2. 残虐な殺戮シーンを解説する場面で「南京大虐殺の際に、日本人が中国人を相手にやった手口だ」と、登場人物の傭兵に語らせている。一次資料を丁寧に読み解けば、南京大虐殺など存在しなかったことは明らかである。戦後、中国共産党朝日新聞によって広められたプロパガンダであることが、多くの書籍で指摘されている。なお、著者が描く残虐な殺戮シーンは、昭和3年、国民革命軍が行った日本人居留民の殺害の様子と似ていることを指摘しておきたい。

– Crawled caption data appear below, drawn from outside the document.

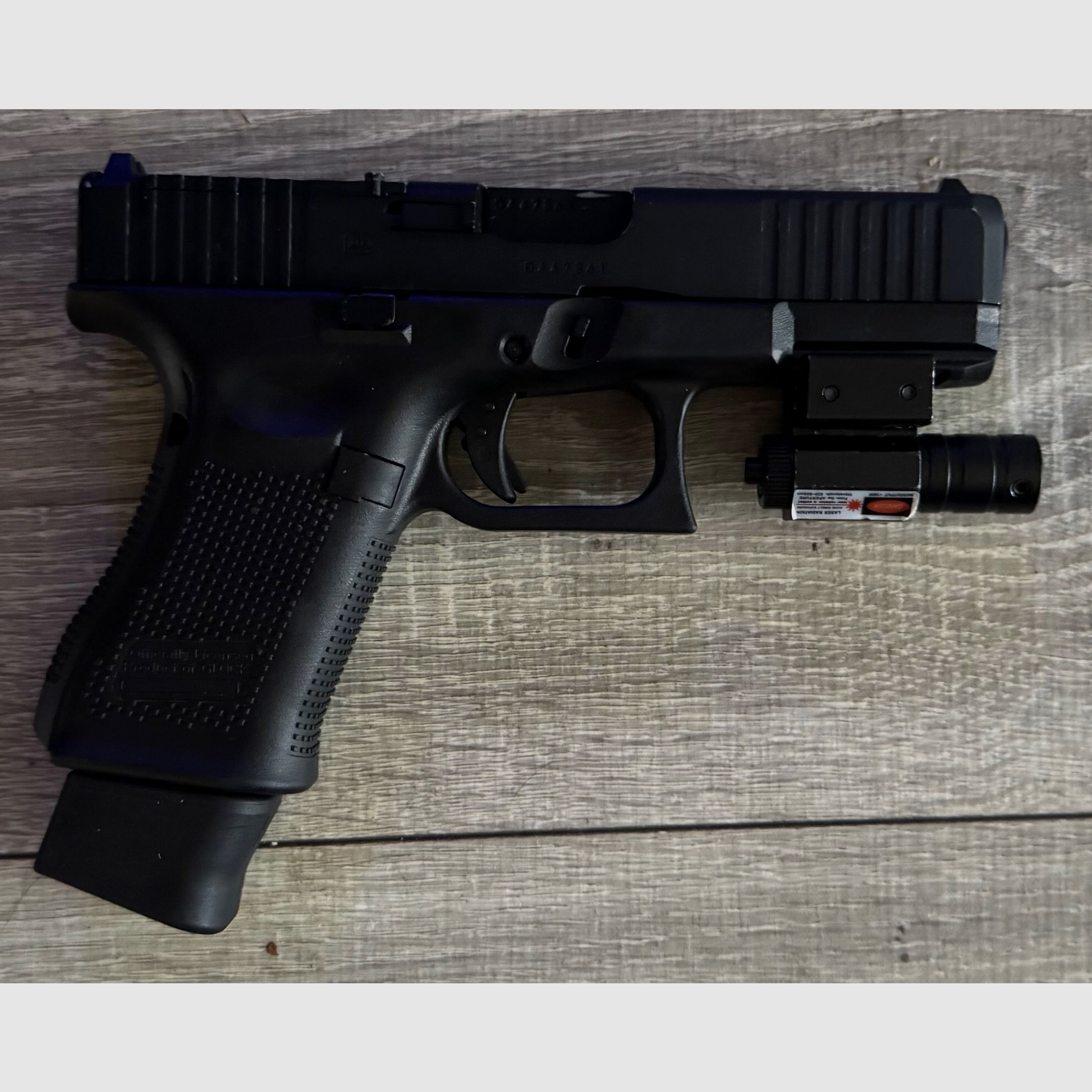 Umarex Glock 19 Gen 5 MOS 4,5 mm CO2 Blowback – Incl. Trijicon/Mini Dot Platte & BBs (VB)
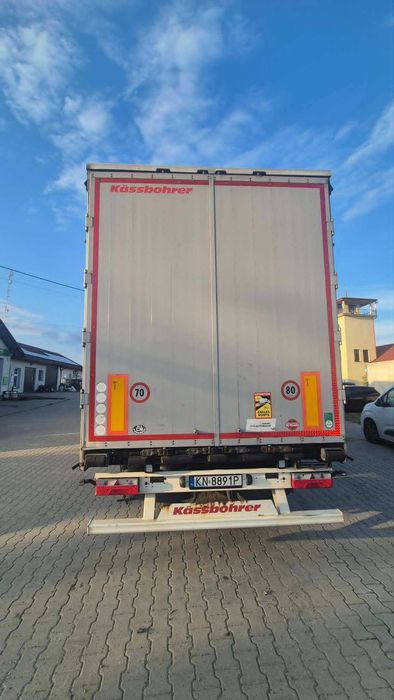 Zestaw ciągnik Renault T 2017  + naczepa Kassbohrer 2018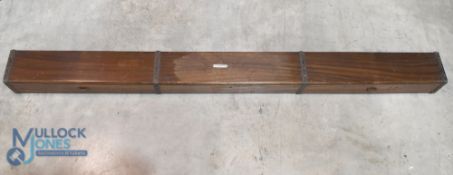 Hardy vintage mahogany rod box, 76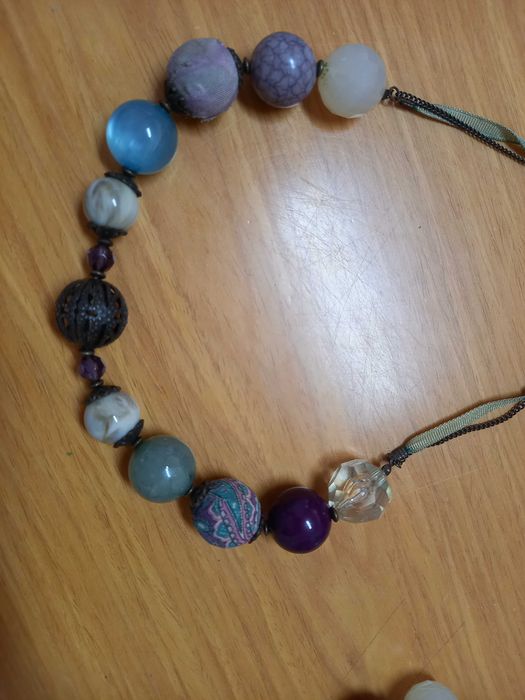 Conjunto Novo de fio e pulseira coloridos ajustáveis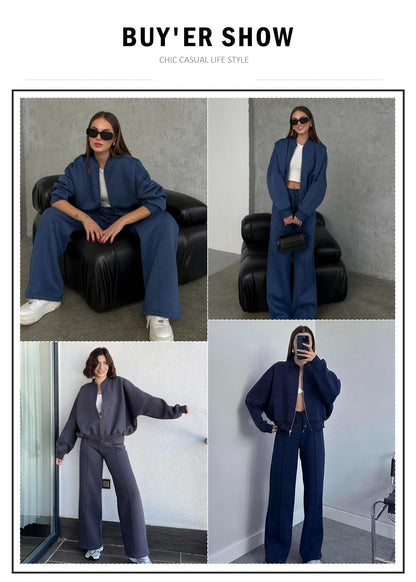 Aleumdr Women’s Fleece Sweatsuit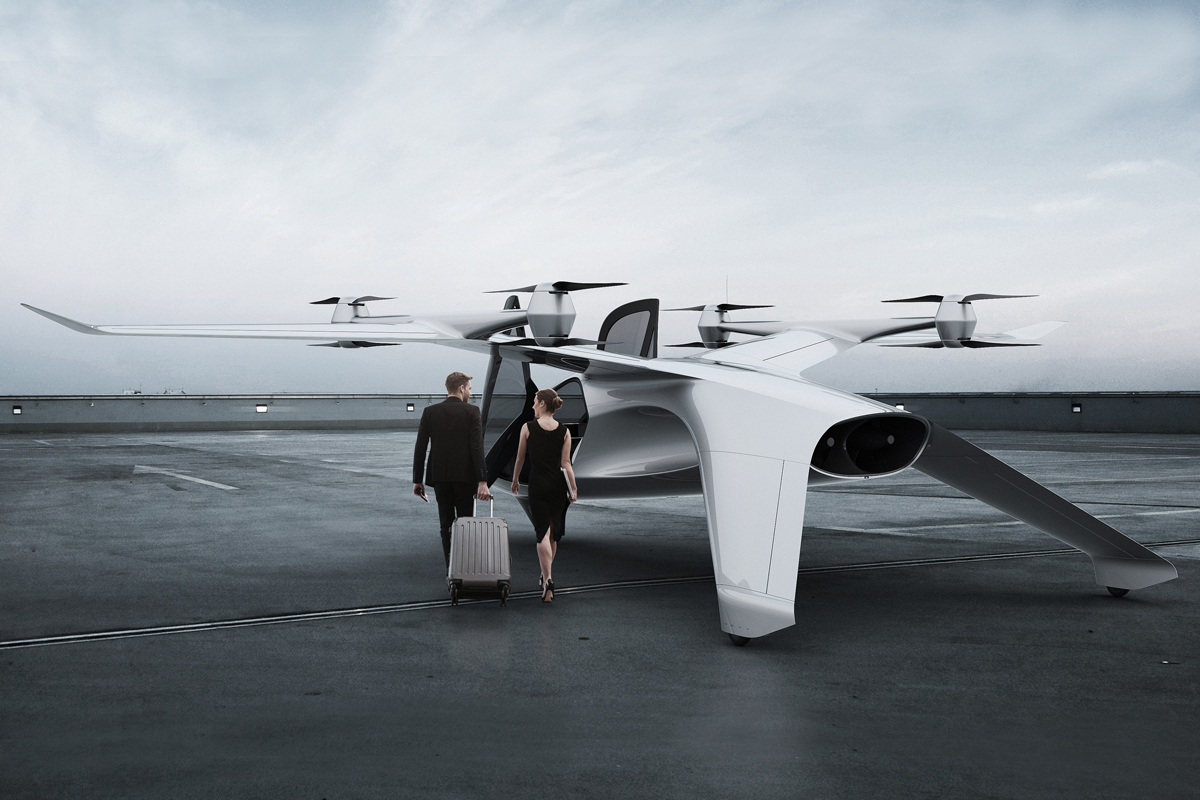 This is the MEVA X-1 passenger eVTOL technology demonstrator aircraft illustration This is the MEVA X-1 passenger eVTOL technology demonstrator aircraft illustration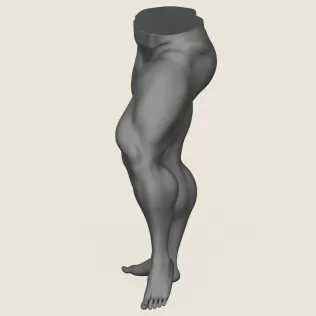 Muscular Man Leg Pose 05 - Model thumbnail 4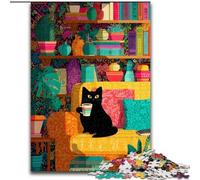 Puzzle da 1000 pezzi per adolescenti, gatto astratto, gioco stimolante e gioco in famiglia, un'opera d'arte per bambini dai 14 anni (dimensioni 50x75cm)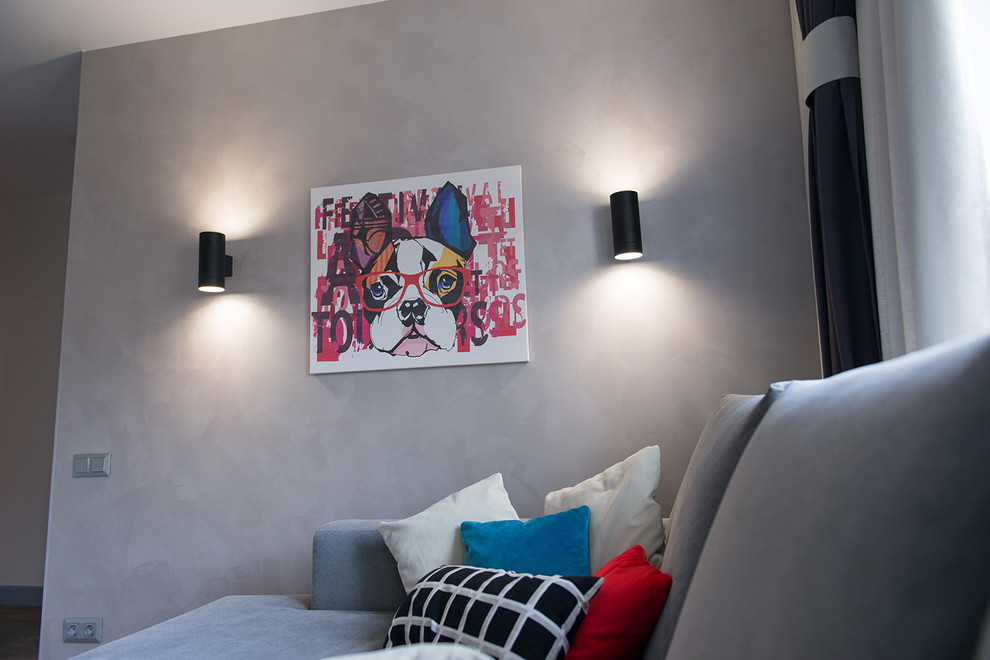 Квартира в современном стиле.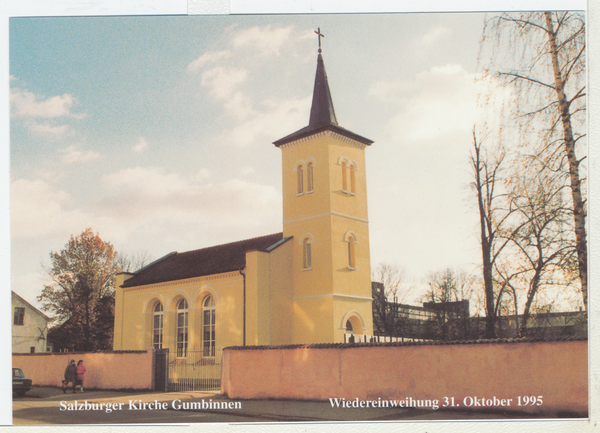 Gumbinnen, Salzburger Kirche, Wiedereinweihung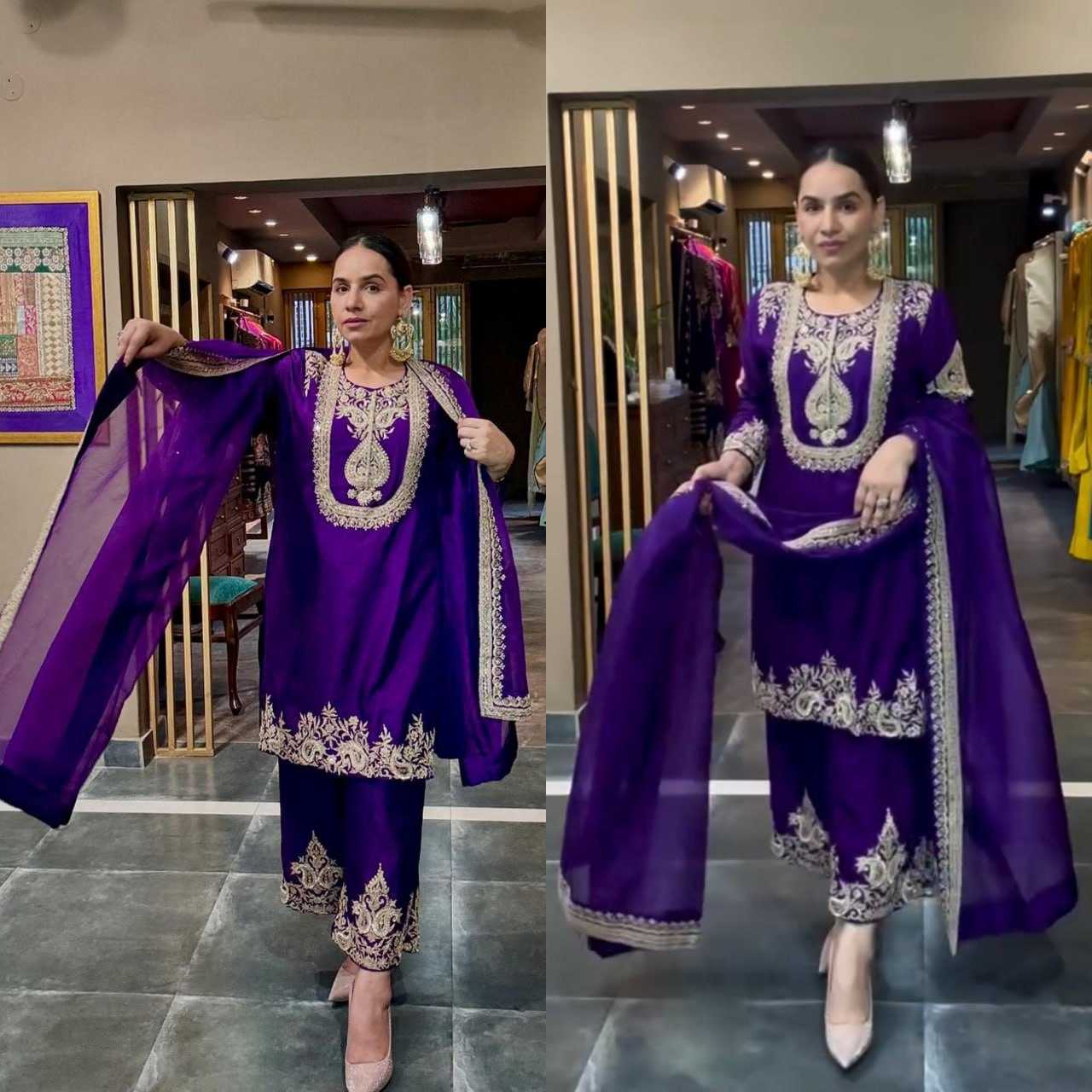 Ynf Chinon RIN232 75 Suits & Dresses Wedding Collections Festive Collections Wholesale Designer Suits Embroidered Suits Wedding Outfits Manufacturer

3. 物語の中で、米国がサイバー攻撃を受ける場面がある。攻撃元を調べると中国の人民解放軍であることが判明する。しかし、物語の最後で、人民解放軍は踏み台にされただけであり、犯人は別にいることが分る。そして米国の高官にこう語らせている。「我々は中国の脅威を過大視していました。本日の国家安全保障会議で、対中政策の見直しについて議論したほうがよさそうです」。著者の国防・安全保障観を疑わざるを得ない台詞である。
ジェノサイド

ジェノサイド

大虐殺を題材として取り入れたいのであれば、ナチスドイツ、中国共産党による文化大革命大東亜戦争時の米国による原爆投下、スターリン時代の大粛清などを扱うべきであろう。ストーリー展開自体は大変面白いのだが、著者の自虐史観が残念である。